[Start of section]

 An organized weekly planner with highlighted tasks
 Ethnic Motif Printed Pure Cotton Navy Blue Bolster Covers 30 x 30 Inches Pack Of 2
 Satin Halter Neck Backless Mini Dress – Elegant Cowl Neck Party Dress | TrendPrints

[End of section]

## Exercise
The full set of data above must come back exactly as written.

## Result of the exercise
 An organized weekly planner with highlighted tasks
 Ethnic Motif Printed Pure Cotton Navy Blue Bolster Covers 30 x 30 Inches Pack Of 2
 Satin Halter Neck Backless Mini Dress – Elegant Cowl Neck Party Dress | TrendPrints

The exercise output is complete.